Entenda por que Sheikh Jarrah está no centro da crise em Jerusalém
O pavio da violência está reaceso em Jerusalém e, ao que parece, pode levar algum tempo para se apagar. Em seu coração, está um pequeno bairro palestino chamado Sheikh Jarrah –quase esquecido nestes últimos dias, entre as notícias de embates e bombardeios aéreos.
A história não é nova. Há anos, na verdade, essa vizinhança em Jerusalém Oriental opõe palestinos e israelenses. Em 2014, quando eu era correspondente da Folha no Oriente Médio, eu escrevi uma reportagem sobre as tensões entre os moradores daquele bairro.
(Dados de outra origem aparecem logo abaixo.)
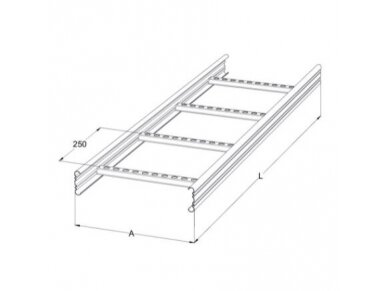 Kabelinės kopėčios | 6000x300x60x1mm | plieninės | karšto cinkavimo | pilkos | MEKA | KS20-300 L6000 PG | 1449503 1 Kabelinės kopėčios | 6000x300x60x1mm | plieninės | karšto cinkavimo | pilkos | MEKA | KS20-300 L6000 PG | 1449503 1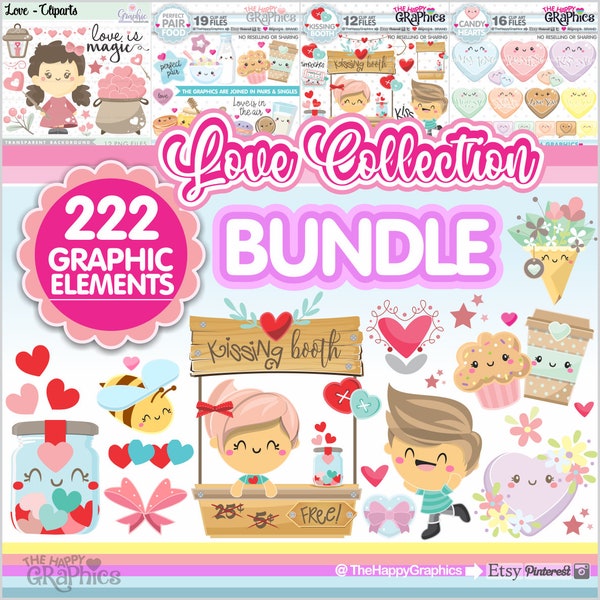 Love Bundle, Love Clipart, Love Graphics, Valentines Day, Clipart, Kissing Booth, Kiss Clipart, Kisses, Heart, Cute, Love Images, Cute Love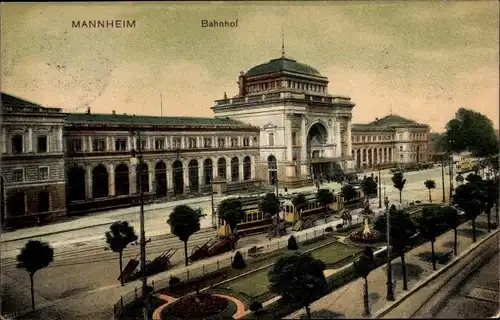 Ak Mannheim in Baden, Bahnhof, Straßenbahn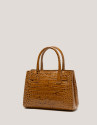 Bolso Satchel Mini Millie piel grabado mostaza oscuro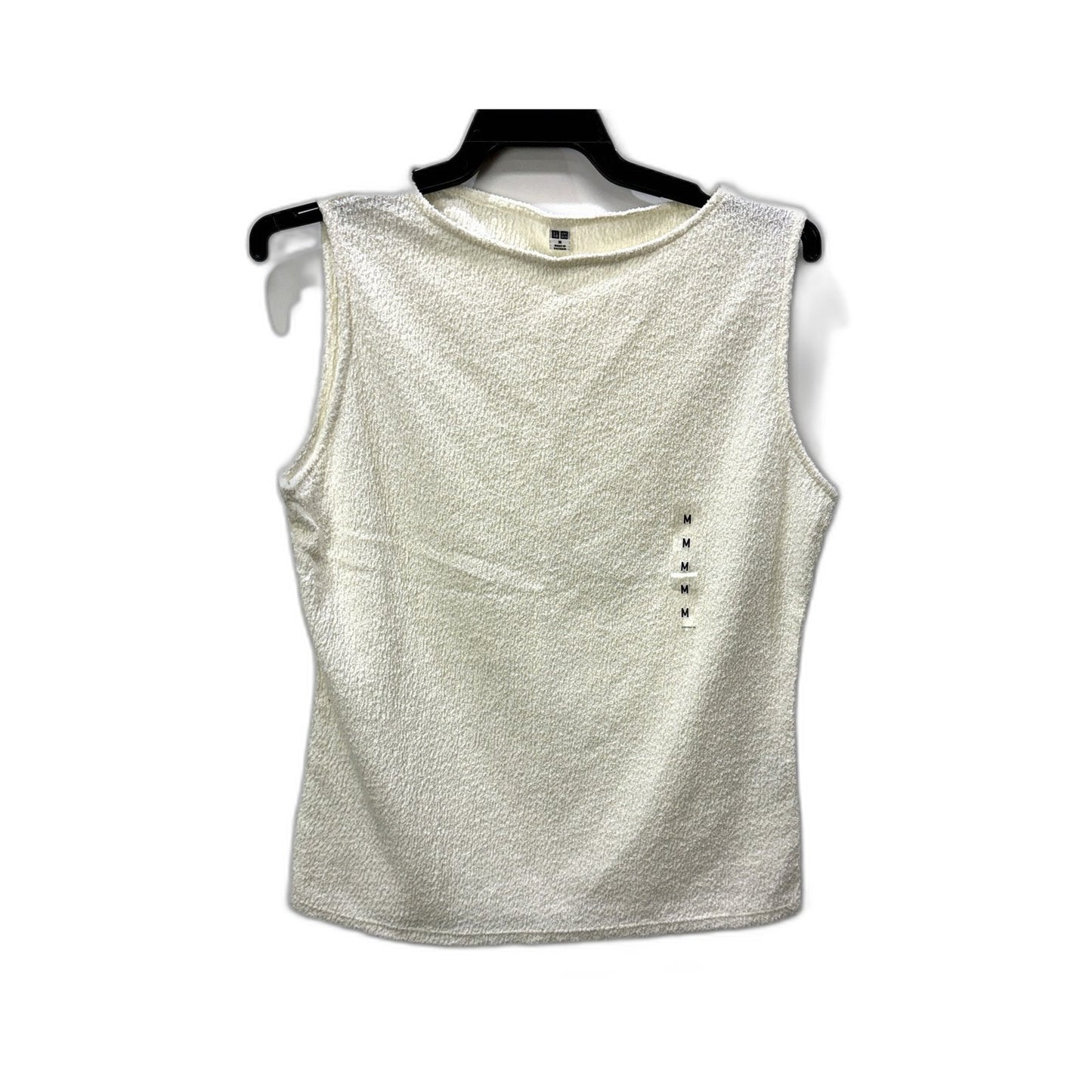 Uniqlo Womens Textured Pullover Sweatshirt in Cream, Size M NEW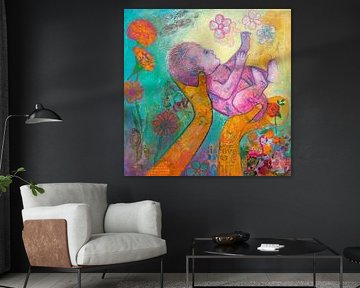 Celebrating new life at unconditional love. by Schilderij van Mirjam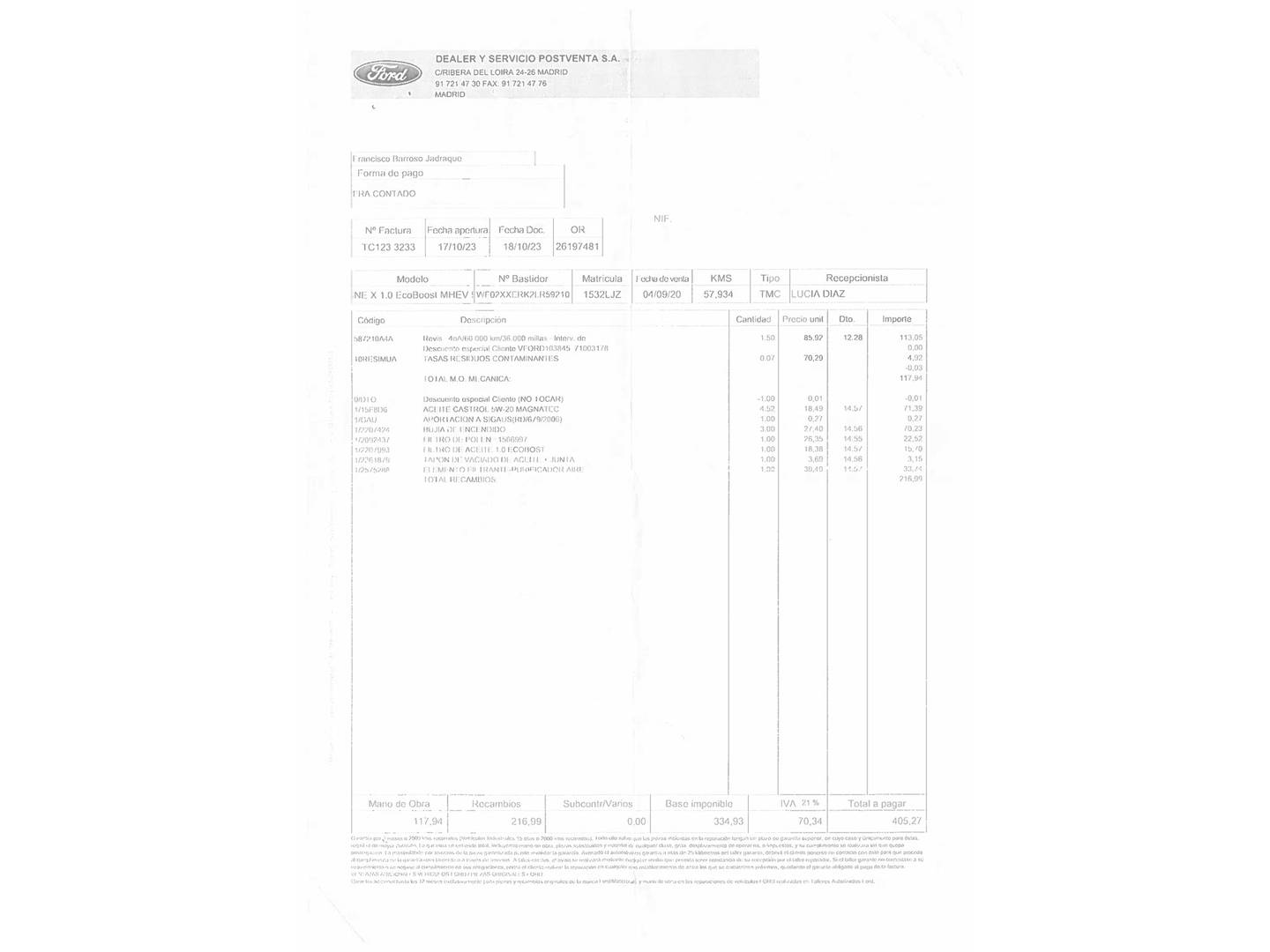 Foto del mantenimiento del Ford Puma Ford Puma 1.0 EcoBoost MHEV ST-Line X (125 CV)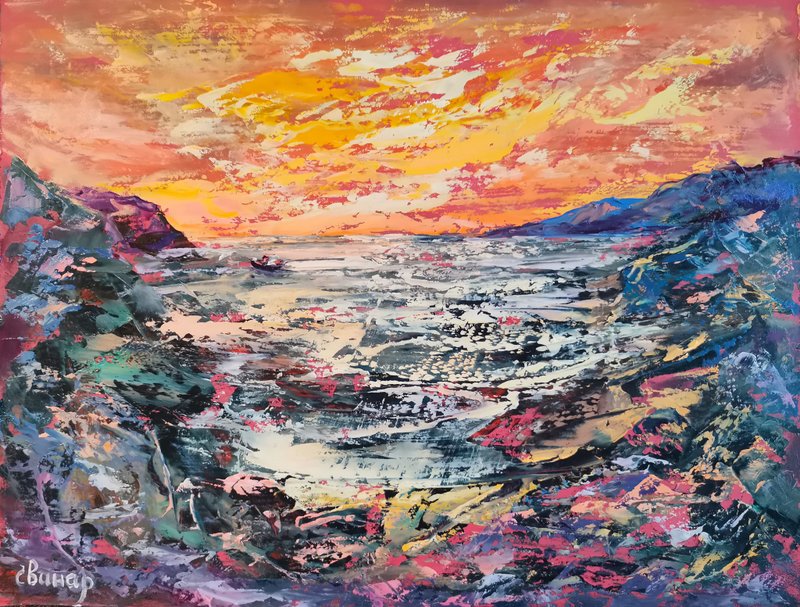 山 海 船 明るい夕日 オリジナル アート 油絵 アーティスト Svinar Oksana - その他 - その他の素材 多色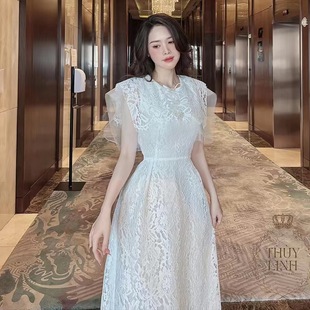 越南设计师2024年圆领高腰显瘦白色蕾丝气质连衣裙伴娘裙1609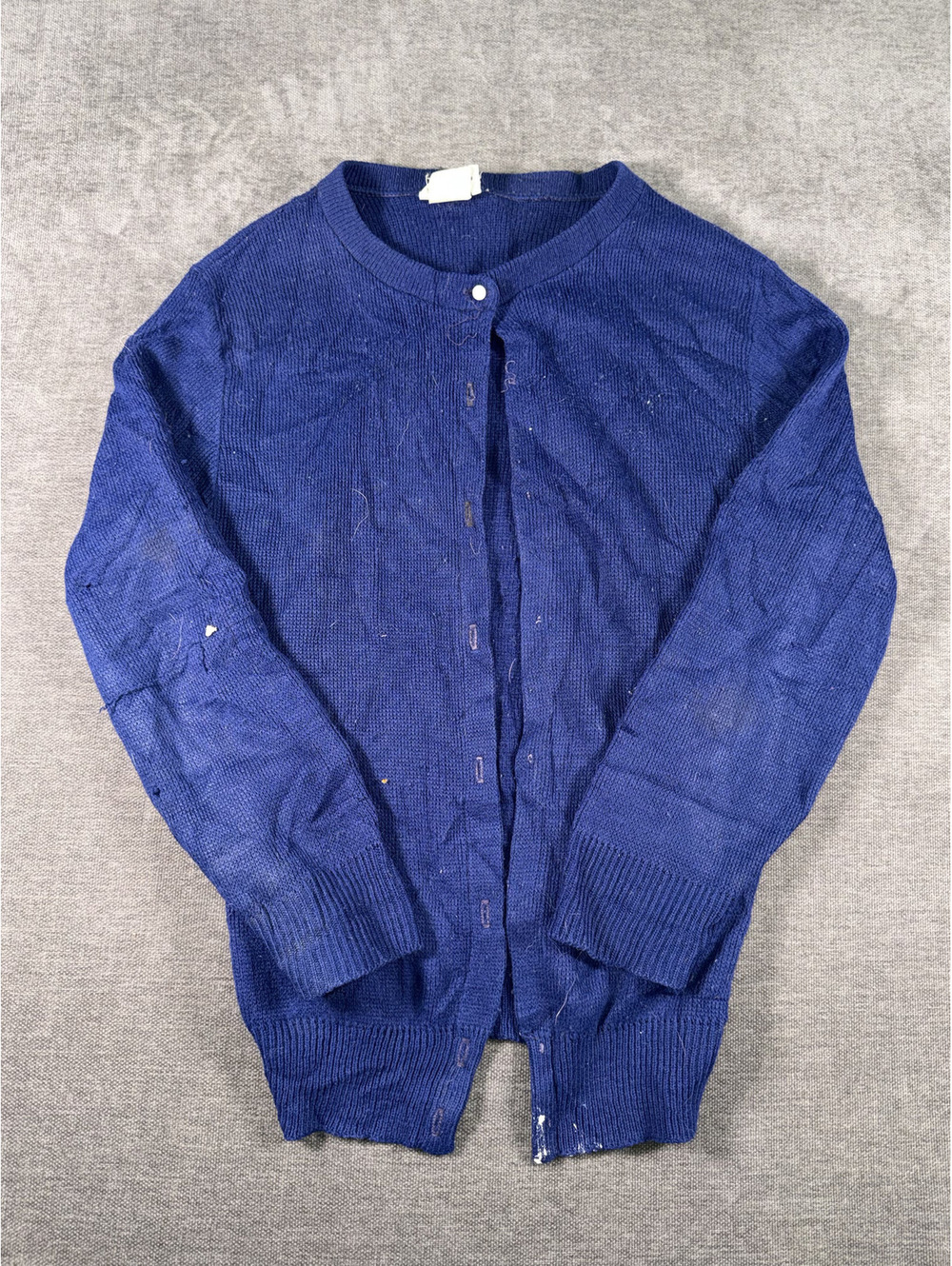 Vintage Alley Cat Navy Blue Button-Up Cardigan Sweater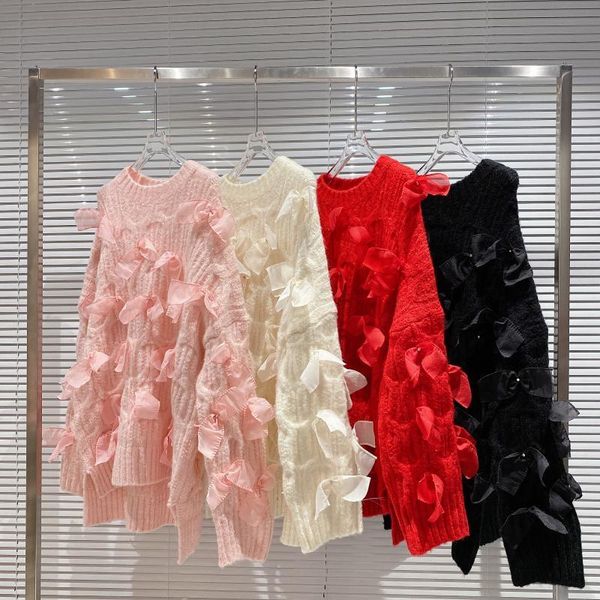 

new christmas sweater fashion ladies mesh bow rhinestone loose knitted pullover red sweater women casual jumpers, White;black
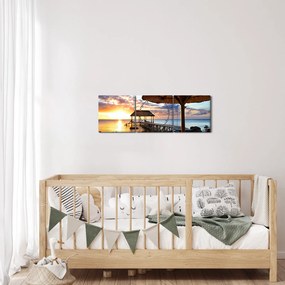 Kép - Naplemente Mauritiuson (órával) (90x30 cm)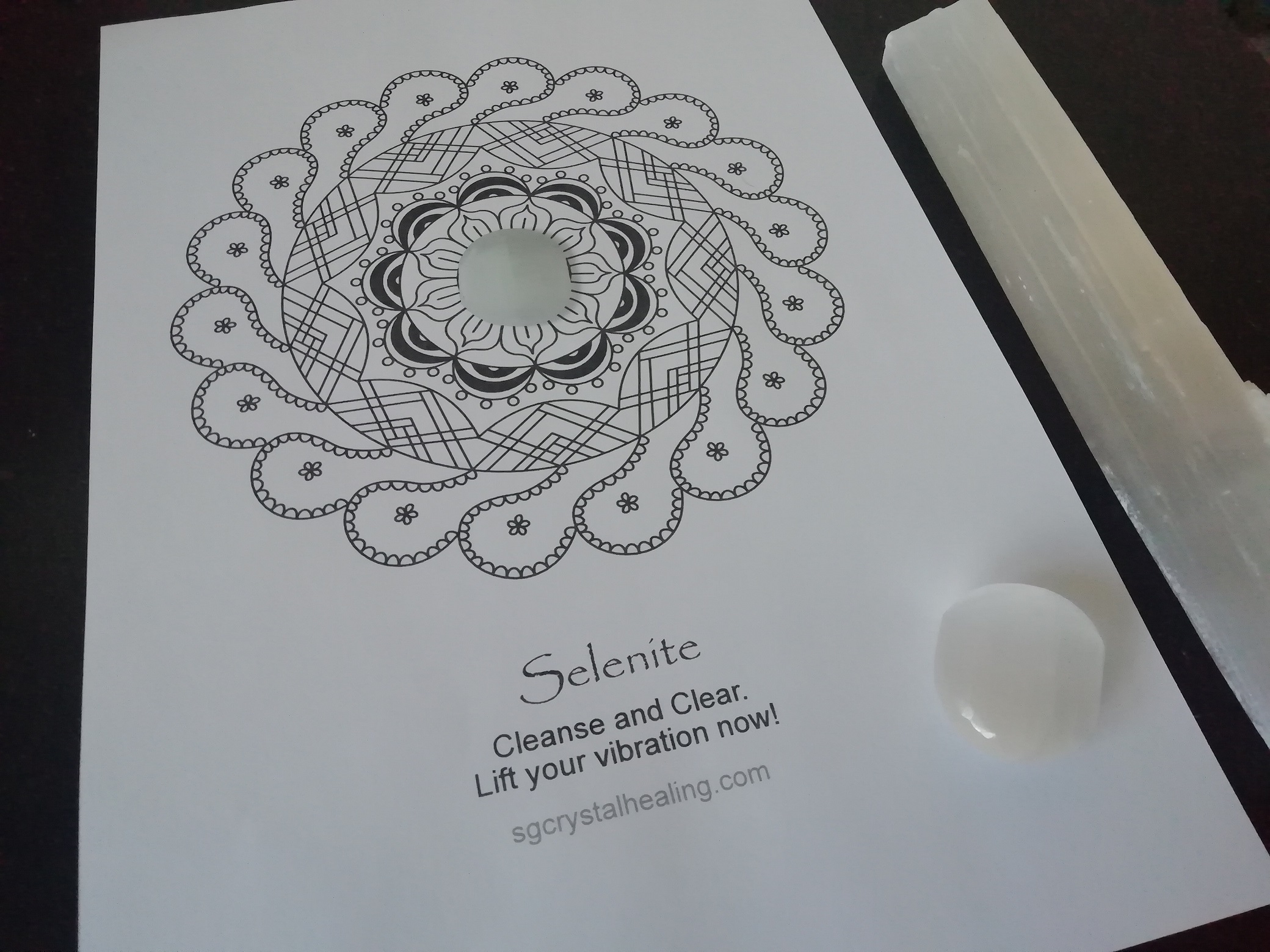 Crystal Mandala Coloring Page - Selenite
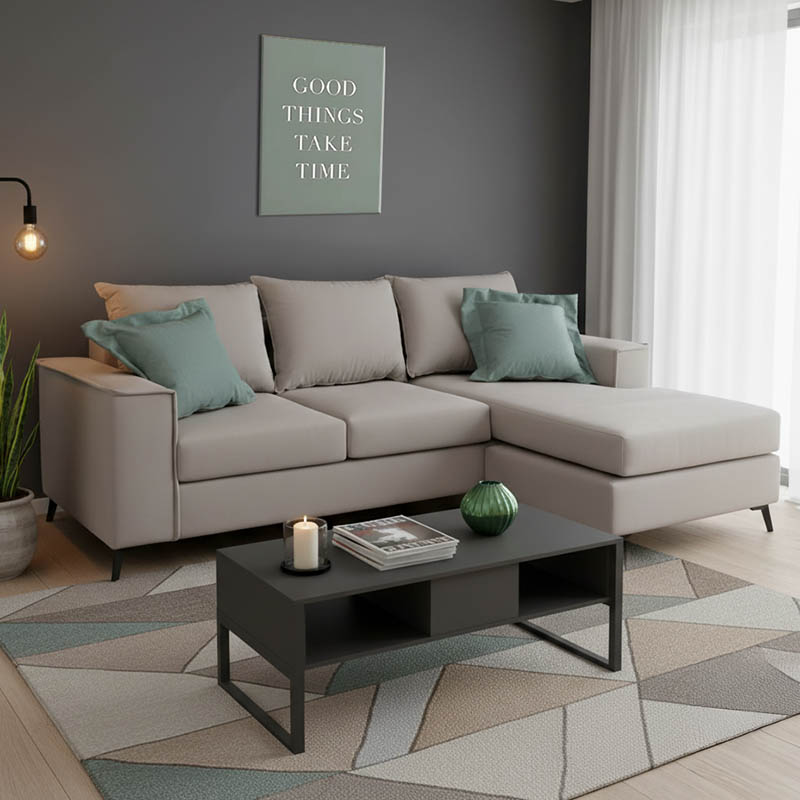 Corner sofa Fabulous reversible fabric elephant-ciel 240x165x95cm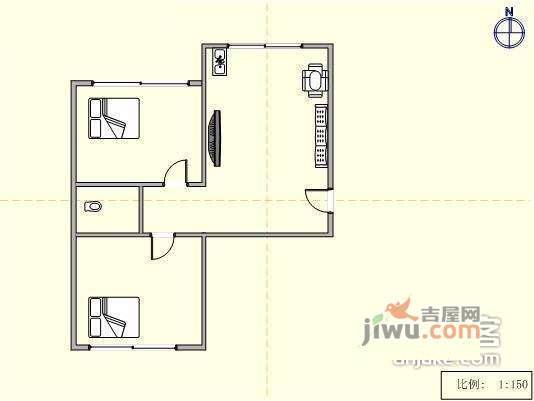 新港家园2室1厅1卫85㎡户型图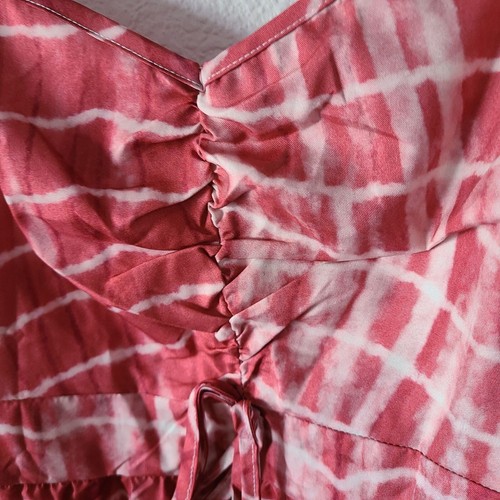 Cupshe US Women's Size XL Brick Tie Dye Shirred Sweetheart Sleeveless Mini Dress - Picture 2 of 8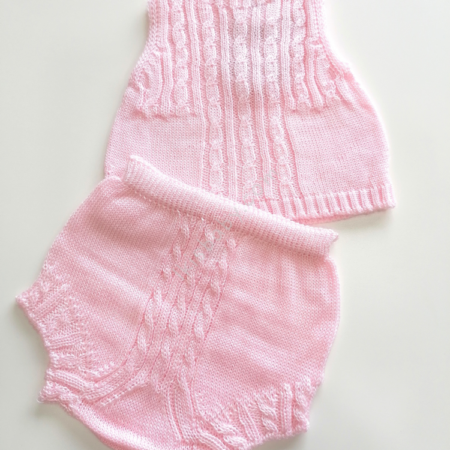 Conjunto rosa em malha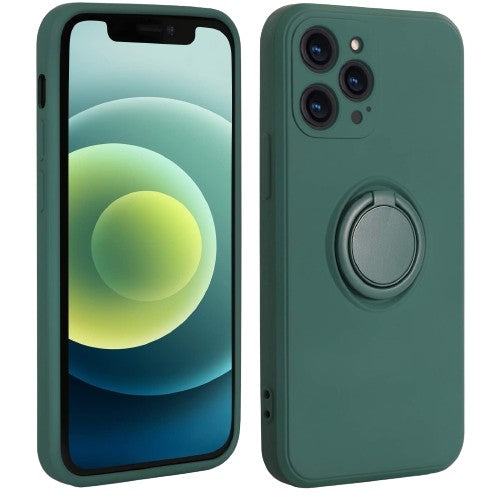Husa protectie Flippy compatibila cu Huawei P40 Lite Liquid Silicone Ring cu suport rotativ Verde-0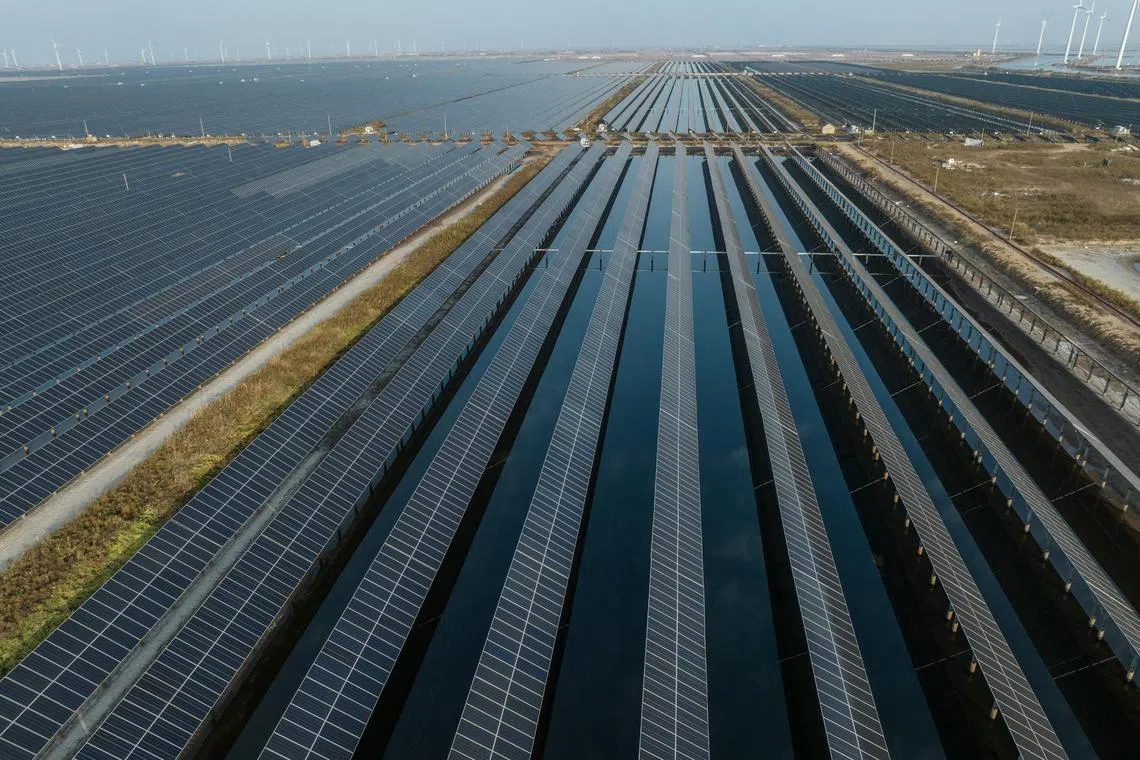 FILE — A solar and wind farm in Weifang, China, a country that controls over 80 percent of worldwide production of every step of solar panel manufacturing, Oct. 23, 2024. The U.S. and Europe are trying to catch up to China’s  lead in industrial policy, a rival skilled in using all the levers of government and banking to dominate global manufacturing. (Gilles Sabrié/The New York Times)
As casas de Sheikh Jarrah foram construídas em 1956 pelo governo Jordaniano –que naquela época controlava a parte leste de Jerusalém– para abrigar famílias de refugiados palestinos. Eles tinham sido forçados a deixar as suas casas após a criação do Estado de Israel, em 1948. Depois da subsequente tomada de Jerusalém Oriental por Israel, em 1967, colonos israelenses começaram a se mudar para o bairro.
Em parte, os colonos se baseavam na história da comunidade judaica que morava ali na Antiguidade, perto da tumba de Simeão, um sumo sacerdote de em torno de 300 a.C. Eles se baseavam também na suposta compra de terrenos no século 19, contestada por palestinos. A lei israelense permite que israelenses retomem as propriedades que eles deixaram em 1948. Palestinos, porém, não podem fazer o mesmo.
Após uma série de disputas legais, Israel começou a despejar famílias palestinas de Sheikh Jarrah, no que palestinos chamam de limpeza étnica. A última vez foi em 2009, com a expulsão das famílias Hanoun e Ghawi. Mas a tensão seguiu. Em 2014, quando escrevi minha reportagem, a família Kurd tinha que dividir sua casa com colonos judeus que tinham se instalado ali, sob a vista das autoridades.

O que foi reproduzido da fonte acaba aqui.